The greatest difference in pregnancy outcome was the high rate of preterm delivery in twins versus singletons, consistent with population-based data from France [29,30] and elsewhere [14]. Over one half of the twins were delivered before 37 weeks, and severe prematurity (< 33 weeks) in twins was fourfold that in singletons (12.5% versus 3.1%). The other important differences were a higher rate of emergent Caesarean section in twins, without a difference in the elective Caesarean section rate, and a trend towards more premature rupture of the membranes. This trend did not reach statistical significance, but data on membrane rupture was not available for the period 2001–2004. Neither the types of ART regimens used, nor the maternal plasma viral load at delivery differed between twins and singletons, however twins had a shorter median duration of ART, which reflected the higher incidence of preterm delivery.

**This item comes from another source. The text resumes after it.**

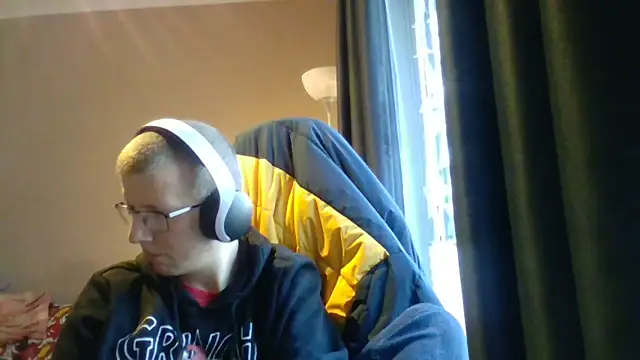 Snapshot of David250692 chatting on December 2025 10:21:01 AM David250692 online show from December 2025 10:21:01 AM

The MTCT rate in our study was significantly higher in twin pregnancies than in singleton pregnancies, in the period before any antiretroviral prevention was available, as well as in the period of zidovudine monotherapy. In the HAART era, i.e., since 1997, we found that twins were no longer at a significantly increased risk of HIV transmission [0.9% (95% CI, 0.02–4.9) for twins versus 1.8% (95% CI, 1.4–2.2] for singletons. It is unlikely that the higher transmission rate in twin pregnancies could be accounted for simply by the fact that twice as many children are exposed, because when considering the first-born child the transmission rate remained significantly higher in multiple pregnancies than in single pregnancies. To our knowledge, the only previous cohort study comparing transmission in twin and singleton pregnancies performed in Italy in the 1980s and including only 22 twin pairs, did not observe an increased risk for twins [3]. Twins may be exposed to an increased transmission risk for several reasons, such as premature rupture of the membranes and preterm delivery [1,2].

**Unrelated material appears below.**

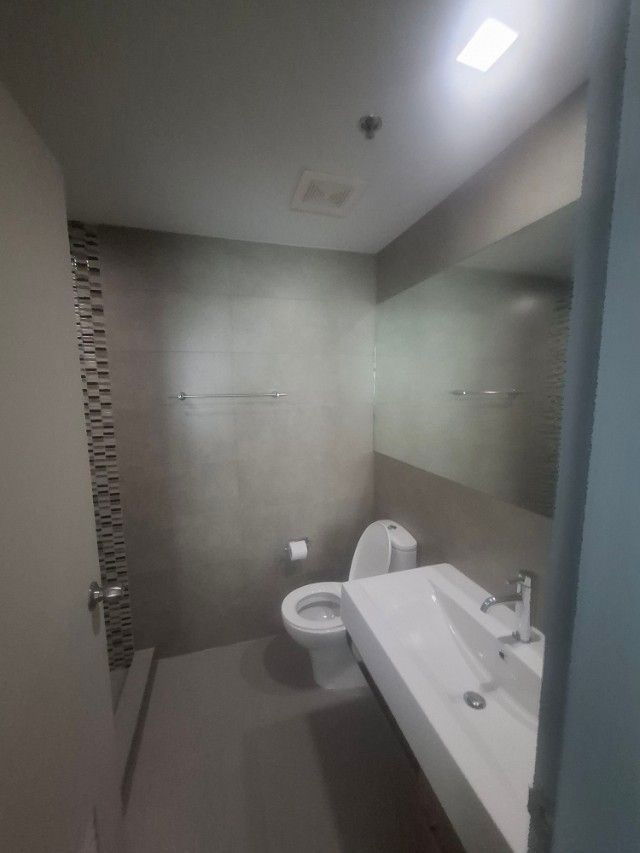 picture Grene Chaengwattana Grene Chaengwattana - 10/10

We found that transmission of HIV occurred more frequently to the first-born twin than to the second twin. This result is consistent with data from an international registry on 115 twin deliveries [6], whereas no difference in MTCT was found in a large study from Malawi [7]. The greater risk of transmission to first twin is indirect evidence for ascending route or birth canal exposure [31,32]. Other indirect evidence is the higher risk of infection for the first-born twin in case of premature rupture of the membranes, as well as the protective effect of elective Caesarean section, i.e., before labour and with intact membranes, which we observed in the period up to 1996. The impact of premature rupture of the membranes has been previously reported for singletons [1,2], and the role of the mode of delivery has been widely published previously [12,33,34]. The international twin registry also found that Caesarean section was associated with a lower rate of transmission to both the first twin, and to a lesser degree the second twin. However, because over one-half of twin deliveries occur preterm, Caesarean section cannot be planned in most cases.

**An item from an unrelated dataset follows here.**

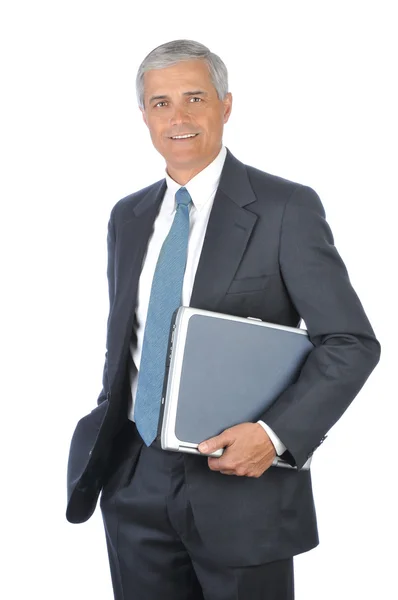 立っているビジネスマンのラップトップ コンピューター — ストック写真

The data that is most relevant to current obstetric and medical care and counselling concerns the current HAART era. Our findings indicate that twins, as well as singletons, are at low risk of MTCT HIV transmission when the mother has an undetectable viral load with HAART. Although the statistical power was limited due to the small number of children who were infected during this period, this offers some reassurance for women with twin pregnancies. Nonetheless, women considering infertility therapy, which increases the likelihood of multiple pregnancy, can be counselled that such an occurrence should be avoided if possible. In cases of multiple pregnancies in HIV-infected women, management must take into account the risk of preterm premature rupture of the membranes and preterm delivery. In particular, we would recommend starting effective ART no later than beginning of the second trimester.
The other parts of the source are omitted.